You are viewing a plain text version of this content. The canonical link for it is here.
Posted to httpclient-users@hc.apache.org by Royan <ro...@mail.ru> on 2010/01/20 17:20:45 UTC

HttpClient does not seem to correctly handle chunked response

We have an XML API service which splits reply XML data into chunks if it is
larger then certain amount of bytes. Here is the sample piece of the reply:

HTTP/1.1 200 OK
Server: nginx/0.6.35
Date: Wed, 20 Jan 2010 14:53:27 GMT
Content-Type: text/xml;charset=UTF-8
Transfer-Encoding: chunked
Connection: keep-alive
X-Powered-By: Servlet 2.4; JBoss-4.2.2.GA (build: SVNTag=JBoss_4_2_2_GA
date=200710221139)/Tomcat-5.5
Connection: close

1f0d
<?xml version='1.0' encoding='UTF-8'?>
<root>
[...]
<Label><![CDATA[Some character data br
2000
oken in the middle of the string]]></Label>
[...]
<root>

0


The problem is when this XML is retrieved via
httpResponse.getEntity().getContent() I expect all chunks to be transformed
into single XML with no service information (I'm talking about some strange
2000 number appearing in the middle of the string)

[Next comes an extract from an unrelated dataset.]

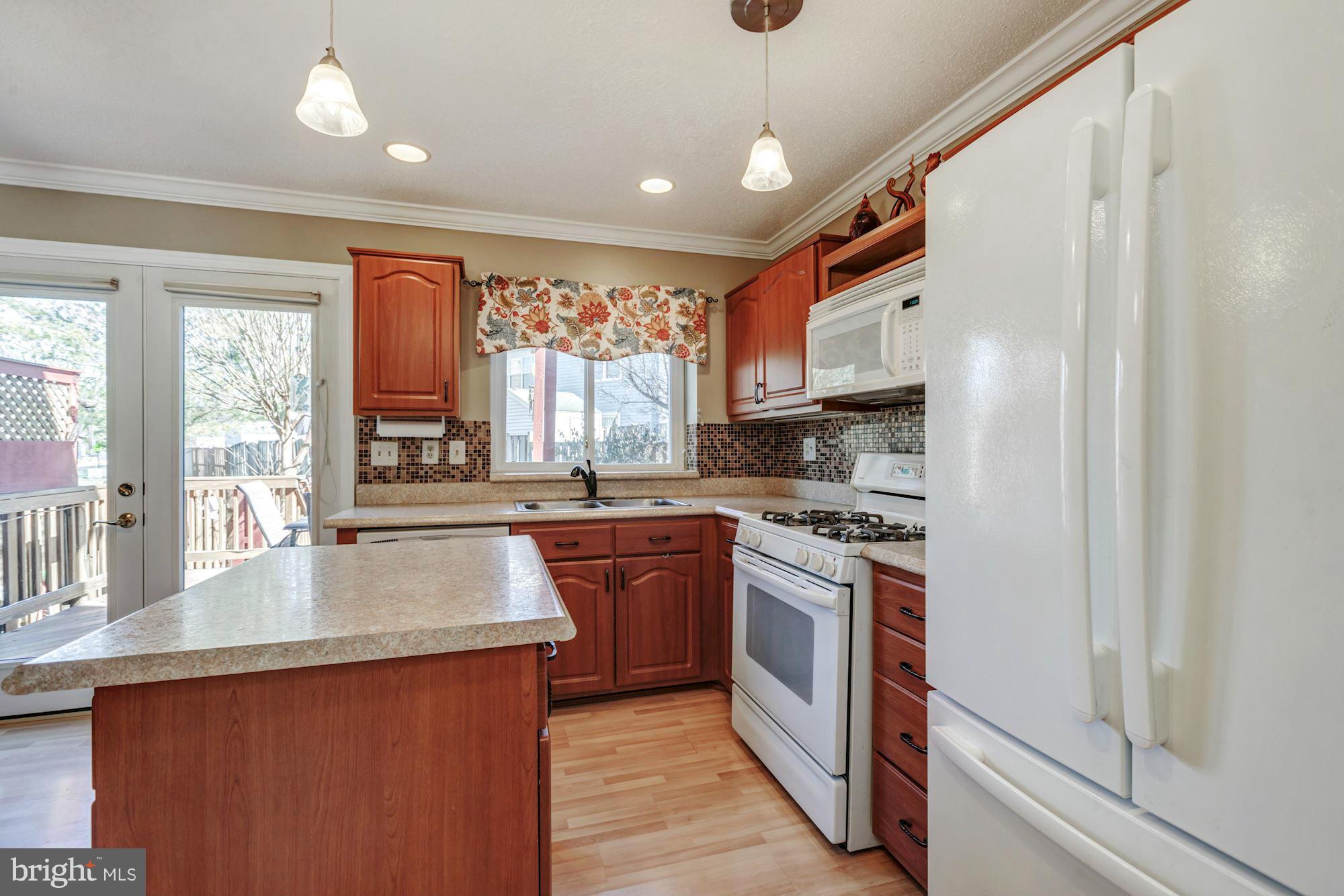 LANDSDOWNE - Residential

In fact returned content is not always correctly parsed and contains such
service information, which in turn makes my XML parser throw an exception

httpResponse.getEntity().isChunked() always retrieves "true"

Can anyone advice on what am I doing wrong or otherwise provide information
how to workaround such issue?

Thanks,
Roman 
-- 
View this message in context: http://old.nabble.com/HttpClient-does-not-seem-to-correctly-handle-chunked-response-tp27244426p27244426.html
Sent from the HttpClient-User mailing list archive at Nabble.com.

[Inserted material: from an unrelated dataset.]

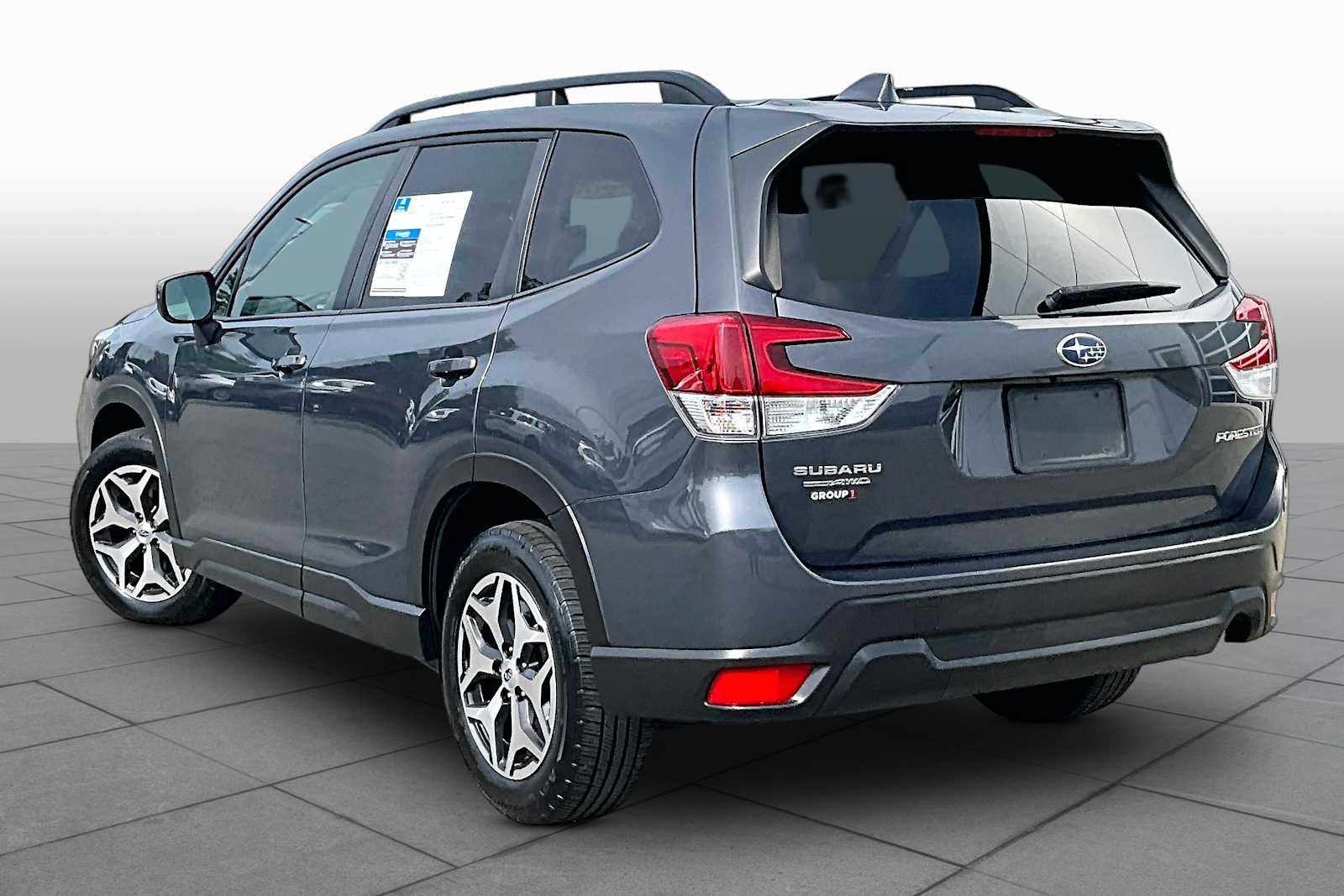 Used 2021 Magnetite Gray Metallic Subaru Premium image 12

---------------------------------------------------------------------
To unsubscribe, e-mail: httpclient-users-unsubscribe@hc.apache.org
For additional commands, e-mail: httpclient-users-help@hc.apache.org


Re: HttpClient does not seem to correctly handle chunked response

Posted by Oleg Kalnichevski <ol...@apache.org>.
On Wed, 2010-01-20 at 15:38 -0800, Royan wrote:
> Hello Oleg, thank you for your quick reply!
> 
> 
> First i'll ask a philosophic question. Is there any chance that such bug may
> occur due to the fact the server which sends the XML reply uses HTTPClient
> v.3 and my client which receives that reply is of version 4?  
> 

I seriously doubt that.

> 
> Can you please go in a bit more detail on what do you mean by "context log
> of the session"?
> 

http://hc.apache.org/httpcomponents-client/logging.html

Oleg


---------------------------------------------------------------------
To unsubscribe, e-mail: httpclient-users-unsubscribe@hc.apache.org
For additional commands, e-mail: httpclient-users-help@hc.apache.org


Re: HttpClient does not seem to correctly handle chunked response

Posted by Royan <ro...@mail.ru>.
Hello Oleg, thank you for your quick reply!


First i'll ask a philosophic question. Is there any chance that such bug may
occur due to the fact the server which sends the XML reply uses HTTPClient
v.3 and my client which receives that reply is of version 4?  


Can you please go in a bit more detail on what do you mean by "context log
of the session"?

What actually happens -- I send raw xml in the body of HTTP Post request,
when the reply is received I eventually read it with XmlStreamReader (I
assume I do it from ChunkedInputStream) which fails with following
exception:

Caused by: com.sun.xml.stream.XMLStreamException2: ParseError at
[row,col]:[659,37]
Message: The character sequence "]]>" must not appear in content unless used
to mark the end of a CDATA section.
[StackTrace goes on]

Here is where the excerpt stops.